When you decide to dedicate your energy toward a side project, you sharpen your three kinds of skillset - Soft skills, technical skills/project specific, and emotional skills.
What kind of Soft Skills?
- Critical thinking
- Communication skills
- Work/Team Management
- Time Management
- Problem Solving
- Accepting Feedback
These soft skills help anyone wanting to start a side project, but why do software developers need to build a side project?
Some of you (software developers) get motivated enough to work outside your usual hours only if the project has the potential to impact something you care about. But others, work on something completely dumb and useless (a funny project) that they couldn't do during any existing job.
- The best way of learning - When you work on your side project, you implement something from scratch, and every iteration of this implementation will make you learn something new.
- Proof of work - You claim to know certain technology and you showing off a project built in that technology all by yourself, which one you will prefer?
- End-to-end understanding of working on an idea - The complete product development life-cycle will make you more aware of all the side effects of small decisions we take and will improve your workflows.
- Networking - Build. Show. Do Tell. Side projects will help you talk about code in a more real-world sense.
- During Interviews - The side project gives you some hands-on time with tools, which means you remember the time you spent, say, 40 hours building something and talk about it with ease.
- Be relevant with tech - Side projects can also be a fun and practical way to stay up-to-date on your tech skills & knowledge.
How you can focus your energy?
- Passion for a 9-5 job
- Helps in reducing your stress
- Helps in avoiding burnout
- Knowing yourself
- Fun quotient
- Contribution to the open-source community
We have already established side projects are important and how they can kick-start your journey of becoming extremely good in the programming language you work with.
Let’s see how you can find the ideas to build as a side project while solving an issue targeting an audience.

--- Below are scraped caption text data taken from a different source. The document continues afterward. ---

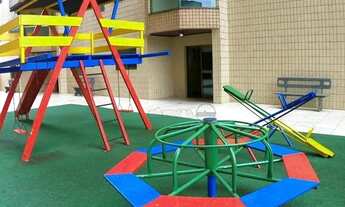 Imagem 6: Cobertura com 4 dormitórios à venda, 298 m² por R$ 1.200.000,00 - Jardim Marina - Mongaguá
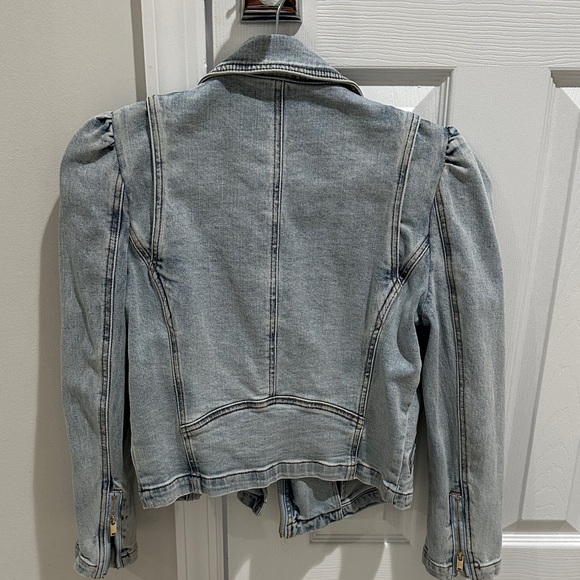 Generation Love Light Blue Jean Jacket - Picture 4 of 4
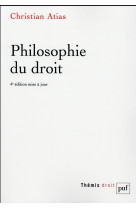 Philosophie du droit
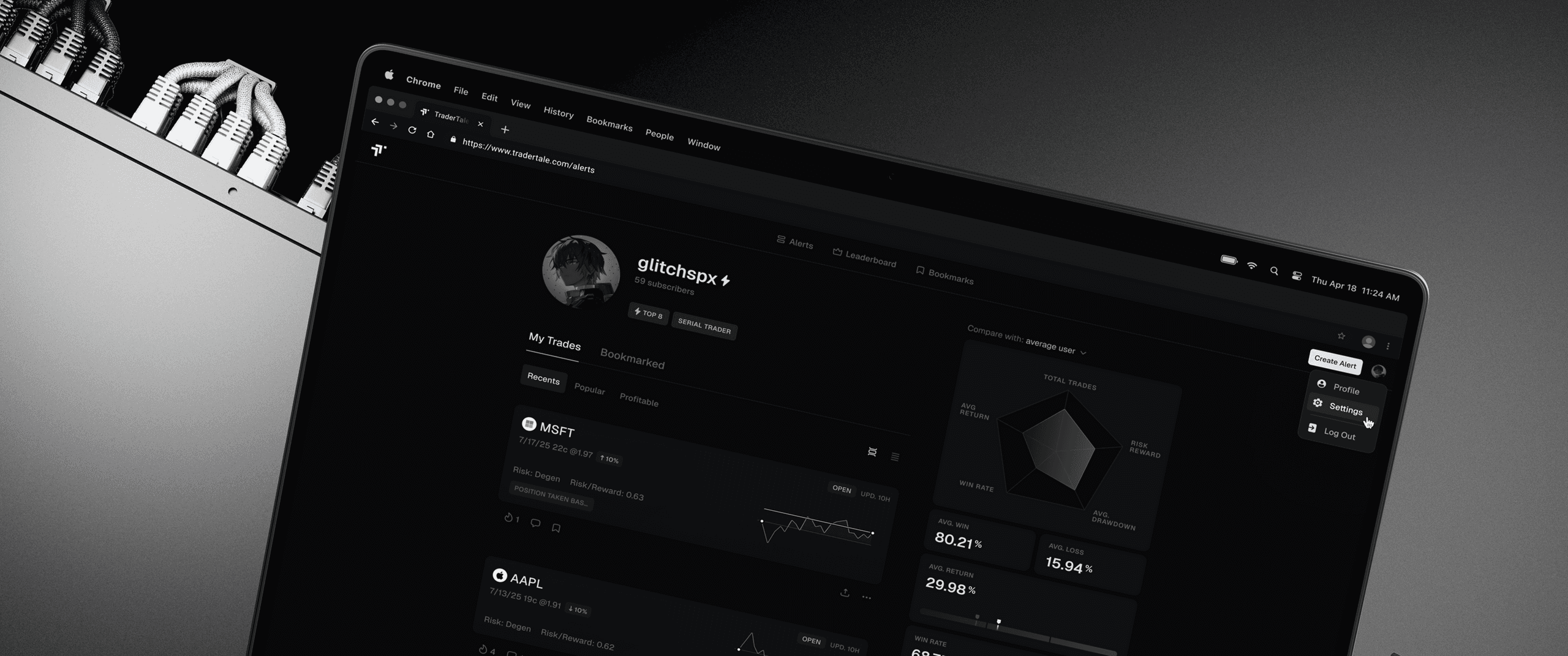 TraderTale Preview Image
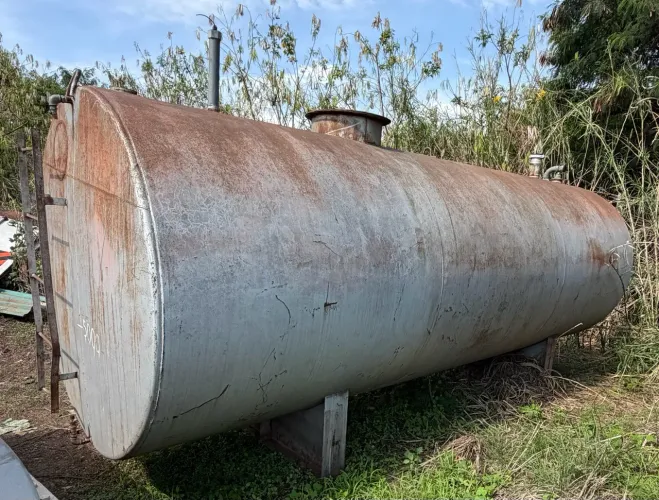 Tanque 15 mil litros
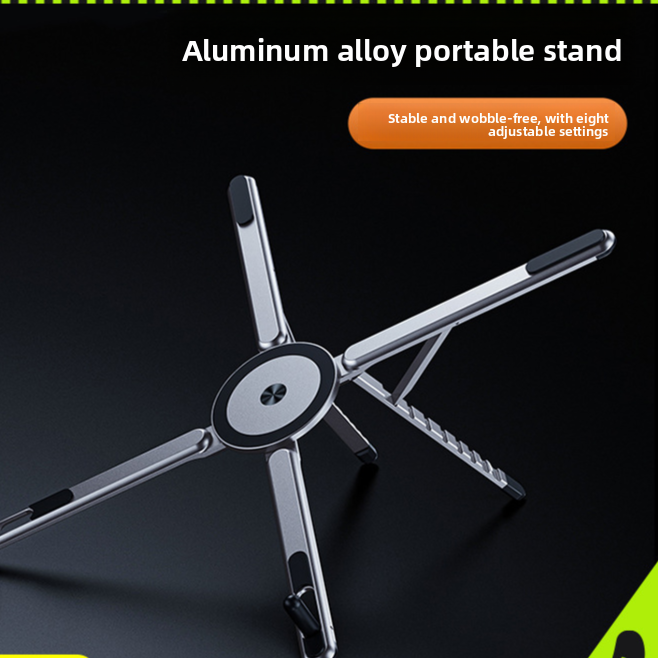 Zelmivo Magnetic Aluminum Stand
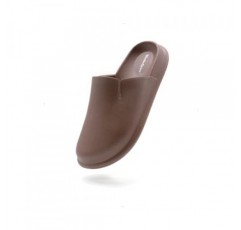 Meetinspace 여성 남성 unisex eva clogs dupes 와이드 라운드 발가락 뮬 가볍고 편안한 하우스 슬리퍼 커플 슬립 온 슈즈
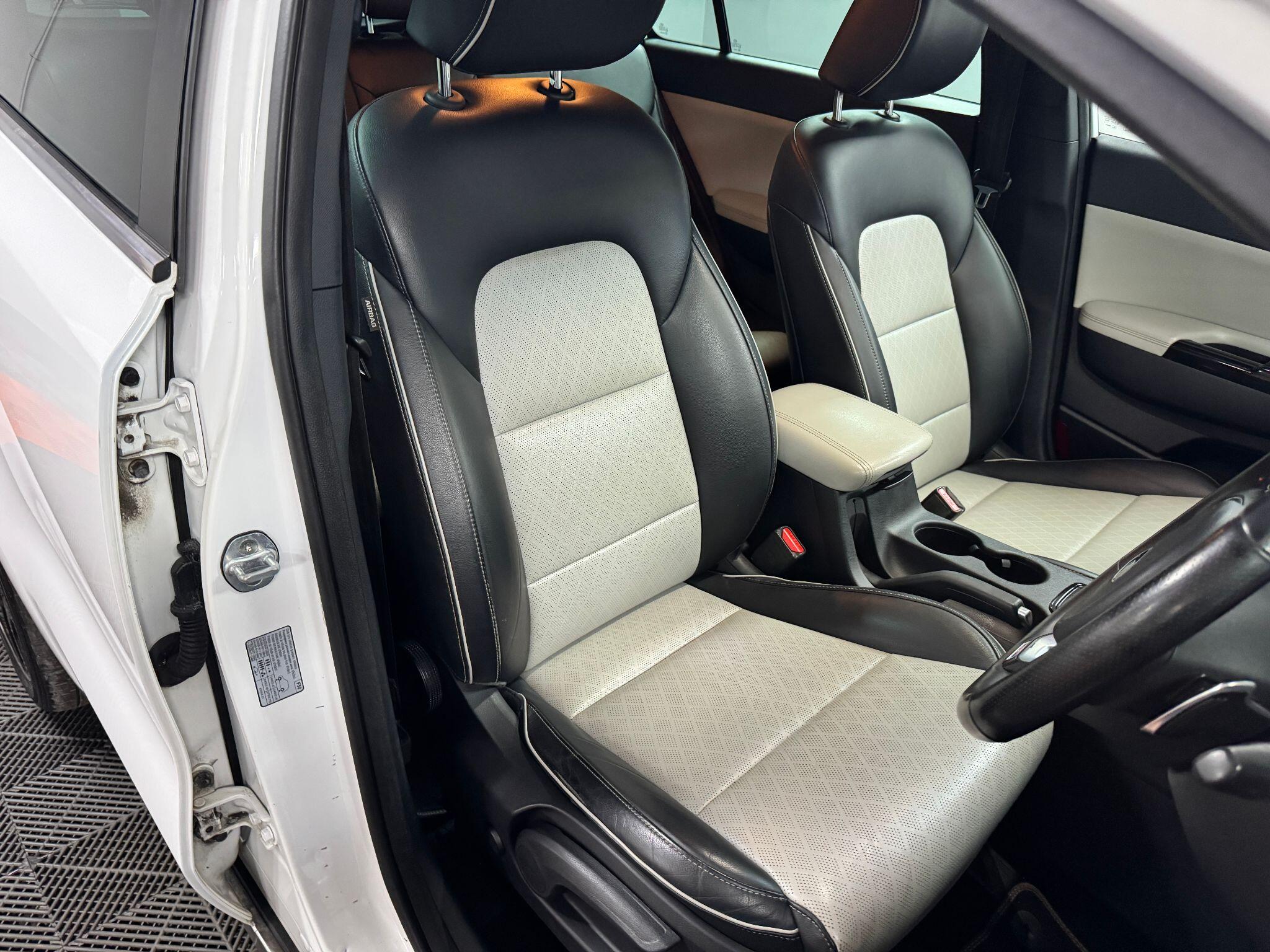 Kia Sportage 2.0 CRDi GT-Line Auto AWD Euro 6 5dr 5dr Automatic 2017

The world is huge. The population is diverse. Anything you build has its user base. You need to discover it and you will know how you can iterate to make it better.
This is the way most IT products come into existence. Be it Facebook, Apple, or Peerlist. Solving your itch makes up for the best side project.
You are the user of the product. You deliver the best result.
You have some expectations that have not been met with some old products, which leads to building something better.
Find a problem that you deal with on daily basis. Write down all of your ideas. Organize them. Find if something similar exists. Research the whys, hows, and whats.
Talk about the problems others deal with. Understand why they deal with that problems. But remember not to fall into the cycle of finding the solution right away.
Go into researching and find the origin of the problem. Ask them about the real issue a few times to understand it.
Be around the people who are building new projects - they are always talking about one or another kind of new thing a world should have.
Go to the Product Hunt and go through the products. Check Gumroad and see what services people are selling and if there is any way you can make it easy for them. Creativity is not original per se. You see the products, go through the discussion and you can get the idea.
You can build a better version of the existing tools by inspecting them. Find one bug and fix it to the core and you have the best kind of side project.
Use the keywords with inverted commas - “side project ideas” and see if you can find anything related to it. Research like you want to impress your manager or mom.
Twitter is one of the easiest ways to find ideas. Use twitter's advanced search and find the ideas that people are ready to pay for. An example of that kind of idea could be -
Here Ajey mentioned the problem and you can build a productivity tool for the same. Start small and dissect the problem. Add the features along the way. A side project can become the main project once it has a good user base and you invest the needed time.
I found it pretty interesting. A fun way to see which games you played at the beginning of the year and how your year ended.
I loved this one. It can become a nice learning tool as well.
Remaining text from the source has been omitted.